To a more significant degree than in other comminution devices, liner design and configuration can have a substantial effect on mill performance. In general terms, lifter spacing and angle, grate open area and aperture size, and pulp lifter design and capacity must be considered. Each of these topics has had a considerable amount of research, and numerous case studies of evolutionary liner design have been published. Based on experience, mill-liner designs have moved toward more open-shell lifter spacing, increased pulp lifter volumetric capacity, and a grate design to facilitate maximizing both pebble-crushing circuit utilization and SAG mill capacity. As a guideline, mill throughput is maximized with shell lifters between ratios of 2.5:1 and 5.0:1. This ratio range is stated without reference to face angle; in general terms, and at equivalent spacing-to-height ratios, lifters with greater face-angle relief will have less packing problems when new, but experience higher wear rates than those with a steeper face angle. Pulp-lifter design can be a significant consideration for SAG mills, particularly for large mills. As mill sizes increases, the required volumetric capacity of the pulp lifters grows proportionally to mill volume. Since AG/SAG mill volume is roughly proportional to the mill radius cubed (at typical mill lengths) while the available cross-sectional area grows only as the radius squared, pulp lifters must become more efficient at transferring slurry in larger mills. Mills with pebble-crushing circuits will require grates with larger apertures to feed the circuit.
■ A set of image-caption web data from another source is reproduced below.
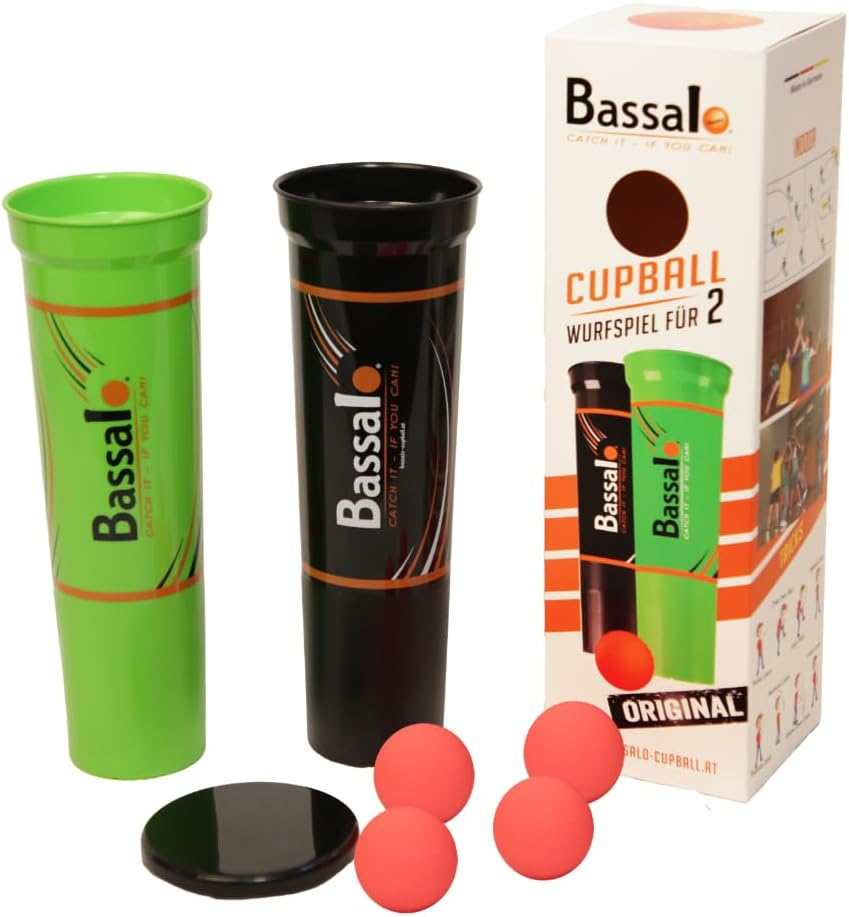 BASSALO Cupball - Sports Game for Children, Teenagers, Adults image number 4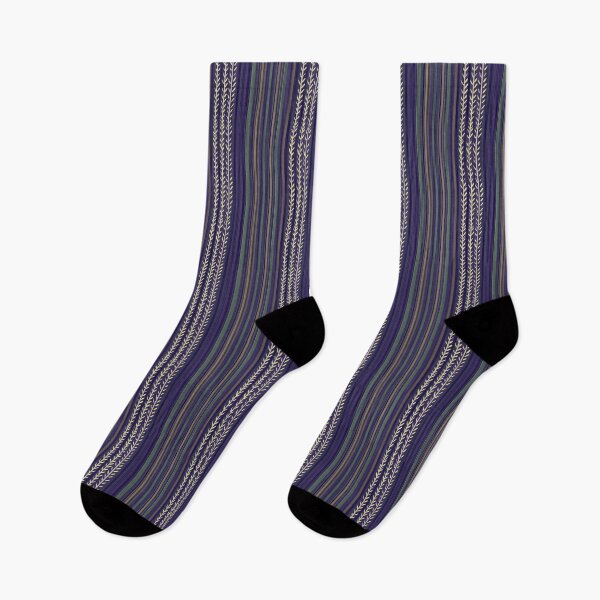 Item preview, Striped Grain - Navy designed and sold by RenaInnocenti.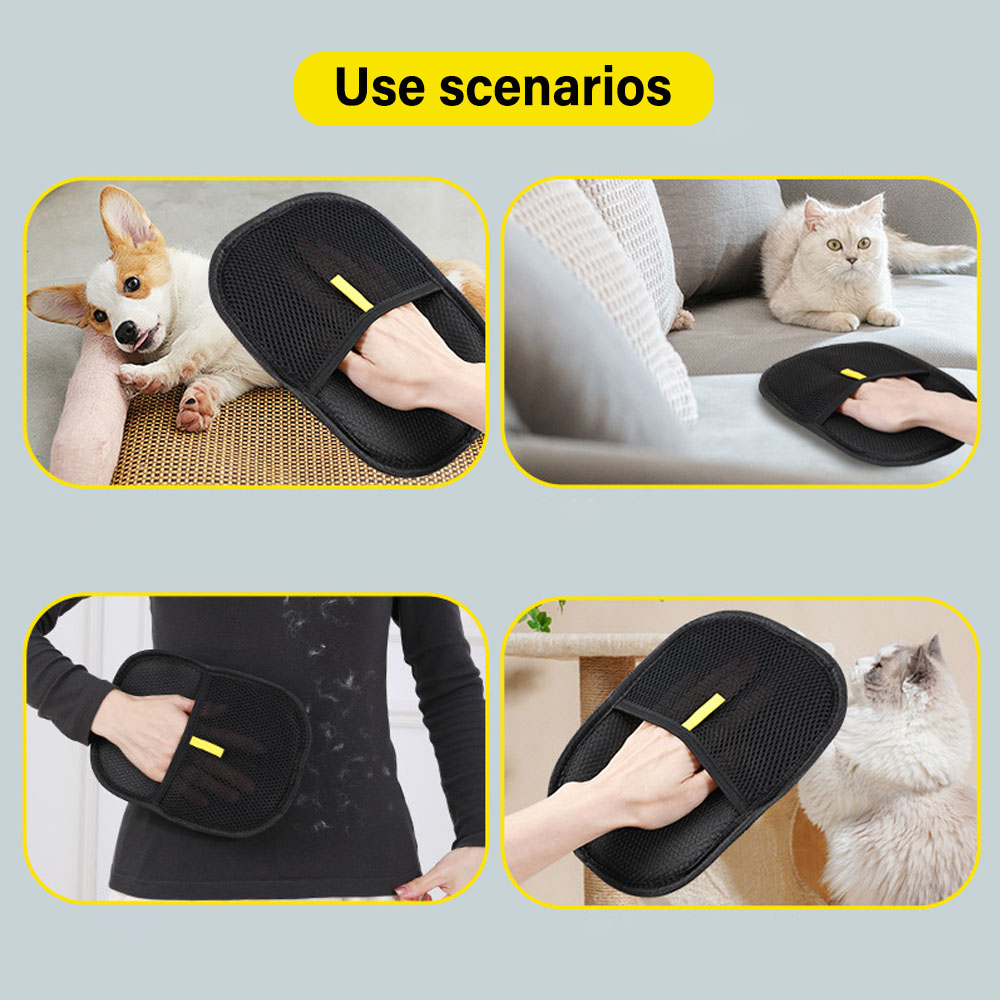 1/2/5pcs Pet Hair Remover Mitt - огляд і ціна Pet Hair Remover Brush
No discussion of SAG milling would be complete without mention of refining. Unlike a concentrator with multiple grinding lines, conducting SAG mill maintenance shuts down an entire concentrator, so there is a tremendous focus on minimizing required maintenance time; the reline timeline often represents the critical path of a shutdown (but typically does not dominate a shutdown in terms of total maintenance effort).
Reline times are a function of the number of pieces to be changed and the time required per piece. Advances in casting and development of progressively larger lining machines have allowed larger and larger individual liner pieces.
While improvements in this area will continue, the physical size limit of the feed trunnion and the ability to maneuver parts are increasingly limiting factors, particularly in large mills. The other portion of the equation for reline times is time per piece, and performance in this area is a function of planning, training/skill level, and equipment.
Abroad range of AG/SAG circuit configurations are in operation. Very large line plants have been designed, constructed, and operated. The circuits have demonstrated reliability, high overall availabilities, streamlined maintenance shutdowns, and efficient operation. AG/SAG circuits can handle a broad range of feed sizes, as well as sticky, clayey ores (which challenge other circuit configurations). Relative to crushing plants, wear media use is reduced, and plants run at higher availabilities. Circuits, however, are more sensitive to variations in circuit feed characteristics of hardness and size distribution; unlike crushing plants for which throughput is largely volumetrically controlled. AG/SAG throughput is defined by the unit power required to grindthe ore to the closing size attained in the circuit. Very hard ores can severely constrain AG/SAG mill throughput. In such cases, the circuits can become capital inefficient (in terms of the size and number of primary milling units required) and can require more total power input relative to alternative comminution flowsheets. A higher degree of operator skill is typically required of AG/SAG circuit operation, and more advanced process control is required to maintain steady-state operation, with different operator/advanced process control regimens required based on different ore types.
Many mills have been built based on data from inadequate sampling or from insufficient tests. With the cost of many mills exceeding several hundred million dollars, it is mandatory that geologists, mining engineers and metallurgists work together to prepare representative samples for testing. Simple repeatable work index tests are usually sufficient for rod mill and ball mill tests but pilot plant tests on 50-100 tons of ore are frequently necessary for autogenous or semiautogenous mills.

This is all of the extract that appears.